La mise en exploitation définitive a été planifiée et mise en route en février 2008 avec une réinstallation complète du serveur avec un catalogue neuf, tout en conservant en parallèle le catalogue du pilote comme référence de certaines configurations clientes.
L’installation de l’ensemble du logiciel (serveur, noeuds de stockage, NDMP Tape Server, client) se fait à travers un installeur unique de très bonne facture, associé à une documentation riche et claire disponible en français et en anglais, qui permet un déploiement rapide et aisé.
La politique de sauvegarde en place dans le service ne comportant pas d’archivage à long terme de données utilisateurs (sous la responsabilité des unités), le choix a été fait de ne transférer aucune donnée et de simplement passer les clients dans Time Navigator tout en conservant jusqu’à leur échéance (6 mois pour les systèmes et 12 mois pour les données utilisateurs) les bandes faîtes avec Networker.
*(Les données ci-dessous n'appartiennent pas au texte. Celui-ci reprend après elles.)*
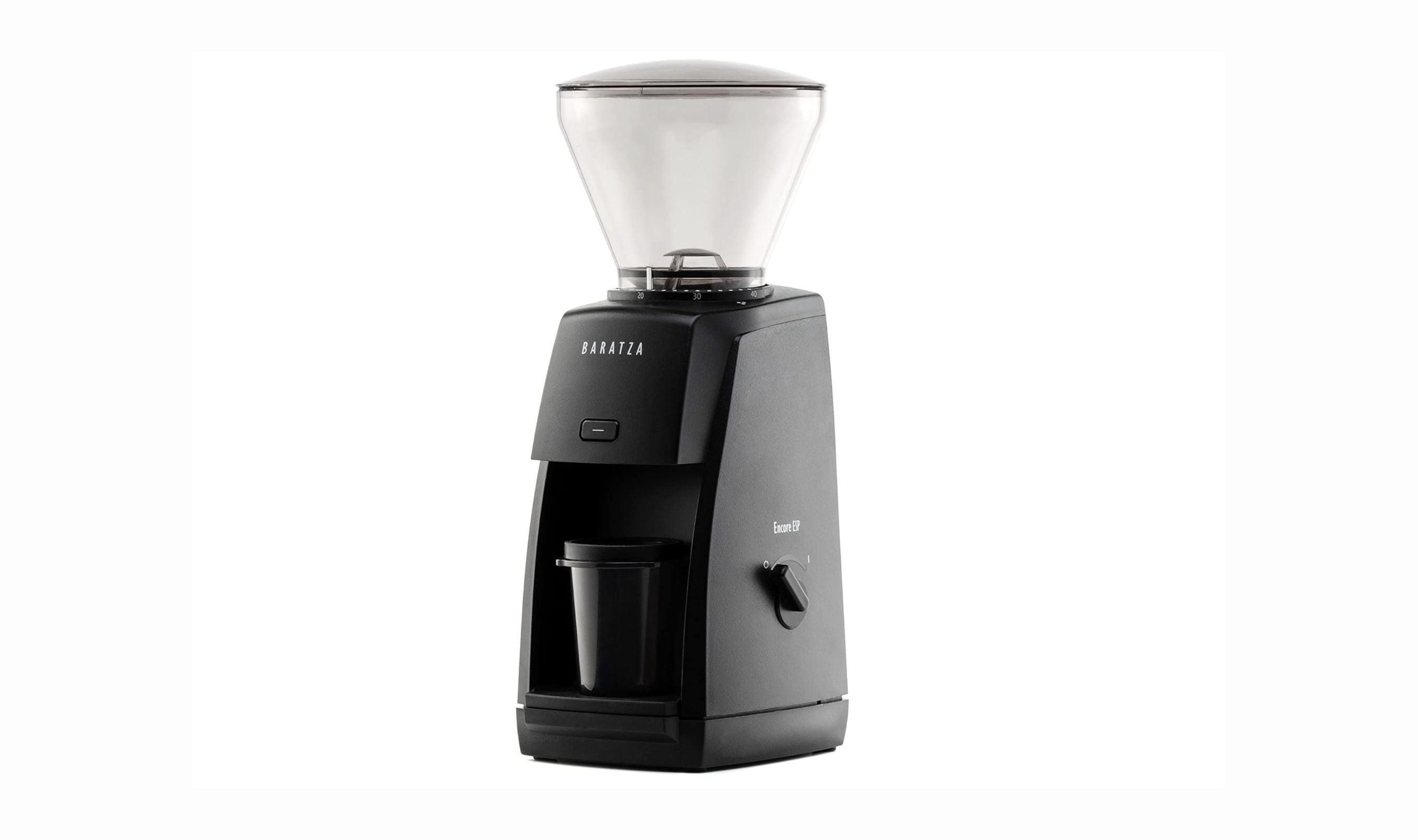 Best Burr Coffee Grinders for 2026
La licence de site nous donne droit à l’accès aux services de maintenance d’Atempo qui comprennent un site internet ainsi que l’accès au centre européen d’assistance par téléphone ou email, ce du lundi au vendredi de 9 à 18 heures. Les demandes de services faites aussi bien pendant le pilote, qu’ensuite ont chaque fois été traitées avec diligence et compétence dans le cadre de notre niveau de support contractuel.
Début 2008, Time Navigator a également été mis en exploitation au service informatique de la Faculté SV avec un serveur sous Windows 2003 Server gérant 2 librairies de bandes dont l’une directement attachée au NearStore du service de fichiers NAS de cette Faculté.

Conclusion

L’importance de nos infrastructures informatiques et surtout des données que nous y confions est telle, qu’aujourd’hui la protection de cet ensemble constitue un élément essentiel dans le bon fonctionnement de nos activités.
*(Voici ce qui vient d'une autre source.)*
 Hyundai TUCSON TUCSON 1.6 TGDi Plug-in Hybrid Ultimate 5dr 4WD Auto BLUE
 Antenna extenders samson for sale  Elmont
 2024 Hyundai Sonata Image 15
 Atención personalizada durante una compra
La mise en place d’une solution de sauvegarde n’est pas une opération innocente, elle doit pouvoir répondre à vos besoins de protection de données actuels tout en ayant les capacités de s’adapter à l’évolution de vos infrastructures, et ce, pour de nombreuses années.
Que votre infrastructure soit relativement modeste ou bien plus conséquente, mais de toute manière toujours en évolution, Time Navigator de par sa flexibilité et ses fonctionnalités répondra à vos attentes de protection de données, vous permettant de dormir sur vos deux oreilles.